FEMALE_FURIES_Cv1_GeradsFemale Furies #1 (DC Comics)

After making a brief appearance in Tom King and Mitch Gerads’ Mister Miracle miniseries, the Female Furies of Apokolips get their very own miniseries from Cecil Castellucci and artist Adriano Mello. But instead of an ass-kicking adventure starring Granny Goodness’ powerhouse team, Female Furies instead flashes back to the early days of the Furies, and their attempt to be seen as a legitimate part of Darkseid’s forces.

Flashing back and forth between Granny Goodness’ time as a new general for Darkseid and her time training the Furies, much of this first issue is largely an origin story for the group.
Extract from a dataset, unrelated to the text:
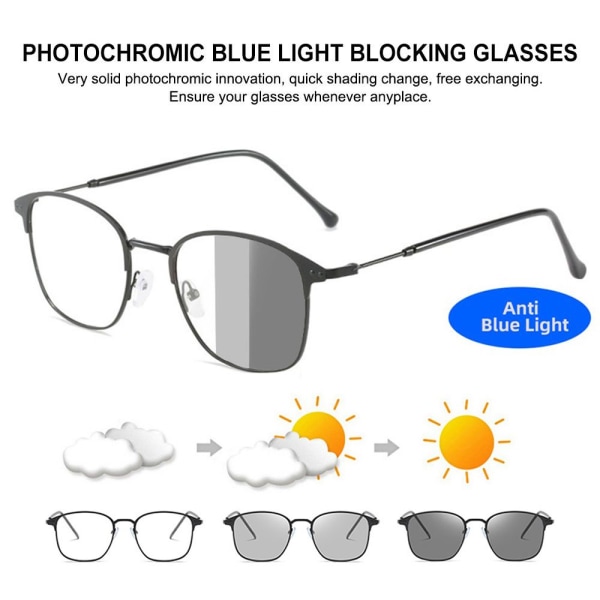 Fotokromatiska solglasögon Blå ljusblockerande glasögon Black Black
Naturally that won’t be as enticing for comic fans who know about the Furies, but Casellucci’s script makes some pretty strong comparisons to the Furies and Granny’s struggles to be seen as equals that have a lot in common with what’s going on in our world as well. Unfortunately, Castellucci’s script doesn’t do a great job of balancing that part of the story with the rest of the book, making for a frustratingly uneven first issue. Castellucci tries to cover a lot of ground in the 22 pages that fill up this book, which means that the emotional moments he’s going for, while effective, don’t have quite the impact that they should.
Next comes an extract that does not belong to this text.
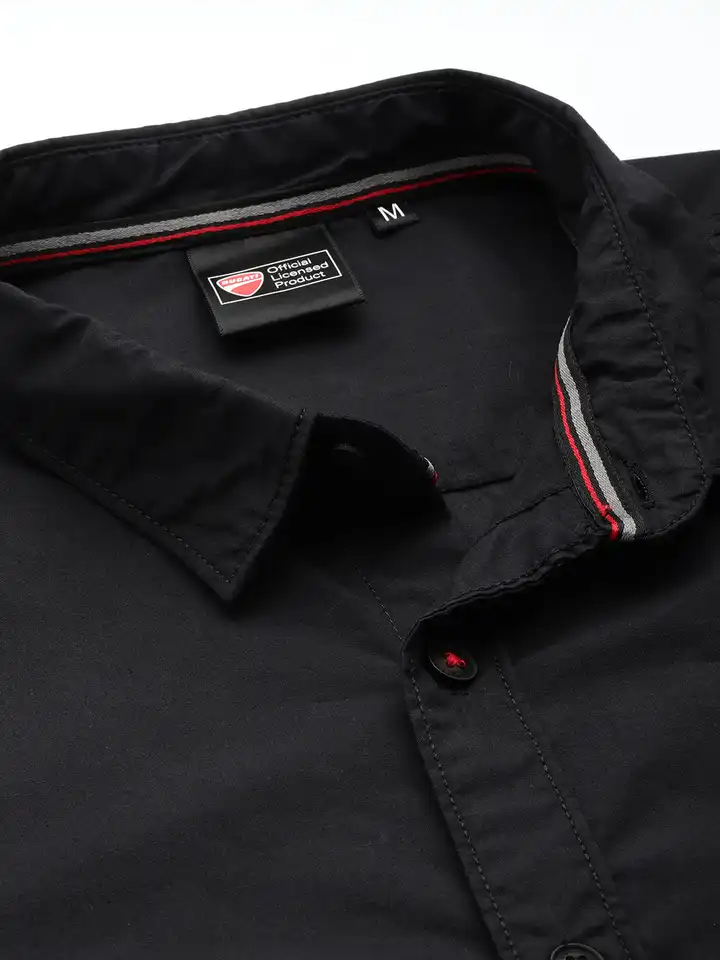 Buy Ducati Pure Cotton with Striped Sleeves Casual Shirt - Shirts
Adriano Mello’s art is a fantastic throwback to Jack Kirby’s classic Fourth World books, and that’s not even taking into account the artist mimicking the king’s style for the Granny Goodness flashbacks. Mello’s strong character work and fluid sense of motion make for a pretty great combination for this series, and makes for a comic that has art that can seemingly do it all. At times I almost thought I was looking at recreated Kirby pages.
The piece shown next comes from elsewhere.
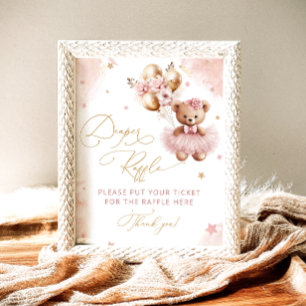  Pink Teddy Bear Balloon Baby Shower Diaper Raffle Poster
While Female Furies isn’t quite the follow up to Mister Miracle that DC is hyping it up to be, it’s still a pretty good debut issue with a surprisingly pointed message. That message gets a little lost when the script is adding on a bunch of new aspects to the story, but if the other issues can focus in more on the message, than Female Furies could make a pretty sizable impact on the comic industry.